La tempête économique qui secoue le monde n’épargne pas la Bretagne. Selon l’édition 2025 de l’Observatoire du Commerce Indépendant publié par Ankorstore, les commerçants bretons affichent un moral en berne : près d’un sur deux juge sa situation « tendue » et un quart d’entre eux la qualifie de « vraiment difficile ». Malgré une fidélité manifeste des consommateurs locaux, l’inflation persistante, la baisse du pouvoir d’achat et les tensions internationales fragilisent le commerce de proximité, pourtant pilier de la vie économique et sociale des villes et villages bretons.

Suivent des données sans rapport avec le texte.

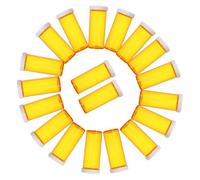 FONDOTIN Frascos Pequeños para Medicamentos 20 Piezas Contenedor Rellenable de Plástico con Tapa Segura Compacto y Portátil para Viaje Organizador Redondo para Pastillas y Cápsulas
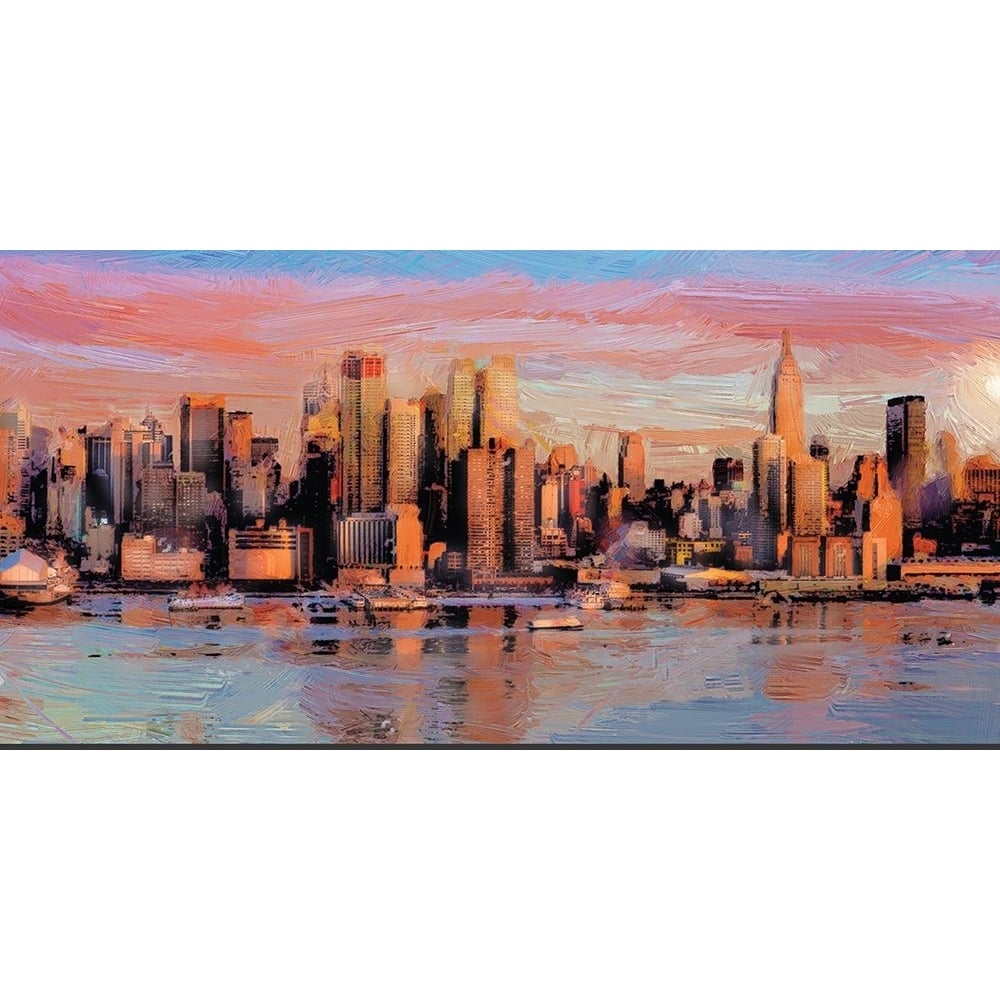 Manhattan Sunrise Poster Print - Savannah Miller-VARPDXMSRN006A Image 1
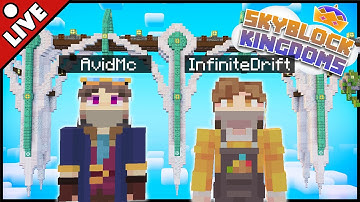 🔴WORLD TOUR with @InfiniteDrift - Skyblock Kingdoms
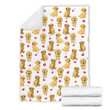 Golden Retriever Blanket - Best Sherpa Throw Blanket, Christmas Throw Blanket, Best Gift For Dog Lovers.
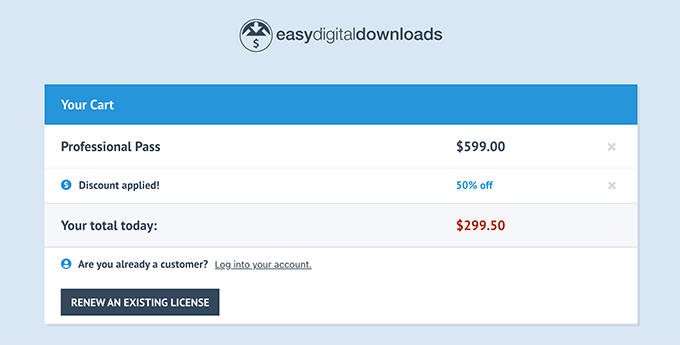 Easy Digital Downloads Order Summary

Pouvoir d’achat en recul, consommation en repli
Les Bretons ne se font guère d’illusions : 50 % d’entre eux estiment que leur pouvoir d’achat a reculé en 2025. Résultat, les habitudes de consommation évoluent : 84 % des habitants reconnaissent avoir modifié leur comportement d’achat, en consommant moins (52 %) ou en recherchant les prix les plus bas (32 %). Une tendance qui pèse lourdement sur les petits commerces, déjà confrontés à la hausse continue de leurs charges.
Malgré les contraintes économiques, les Bretons restent attachés à leurs commerces de proximité. 77 % les fréquentent régulièrement, et 59 % continueraient à les privilégier à prix égal. Mais l’équation se complique lorsque la grande distribution, voire le e-commerce, propose des tarifs plus avantageux. D’autant plus que 51 % des commerçants signalent une recrudescence des fermetures de boutiques en centre-ville, un phénomène en forte hausse par rapport à 2023.
Des commerçants en résistance, mais en alerte
Face à la hausse des coûts, 47 % des commerçants bretons ont été contraints d’augmenter leurs prix en 2024. Un quart prévoit de faire de même en 2025. Si certains parviennent à tirer leur épingle du jeu — 35 % déclarent un chiffre d’affaires supérieur à celui de l’année précédente — la majorité reste sous pression. La rentabilité diminue, la capacité d’investissement s’amenuise, et l’incertitude s’installe.
La conjoncture mondiale s’invite également dans les bilans. La guerre commerciale engagée par les États-Unis commence à produire ses effets : 41 % des commerçants bretons affirment en ressentir déjà les conséquences. En réaction, 59 % envisagent de privilégier les circuits d’approvisionnement européens, plus stables et plus proches.
Même logique côté consommateurs : 68 % des Bretons affirment vouloir acheter en priorité des produits français (44 %) ou européens (24 %), et rejettent de plus en plus les marques venues d’Asie ou d’Amérique.
Un appel au soutien politique et citoyen
Pour Nicolas d’Audiffret, PDG d’Ankorstore, ces chiffres sont un signal d’alarme : « Le commerce indépendant est au cœur de nos villes, de notre lien social, de notre économie. Il est temps que les décideurs prennent conscience de son rôle vital. » D’autant plus que 98 % des commerçants bretons estiment participer à la redynamisation des centres-villes. Mais ils attendent un soutien réel, et non des discours creux : 73 % réclament des mesures concrètes de la part des pouvoirs publics.
La Bretagne commerciale est à un tournant. Entre résilience et épuisement, les indépendants s’efforcent de maintenir le cap. Ils pourront encore le faire si, à la fidélité des consommateurs, s’ajoute une volonté politique forte de réinvestir dans le tissu économique local. Faute de quoi, les vitrines qui éclairent nos rues pourraient continuer à s’éteindre les unes après les autres.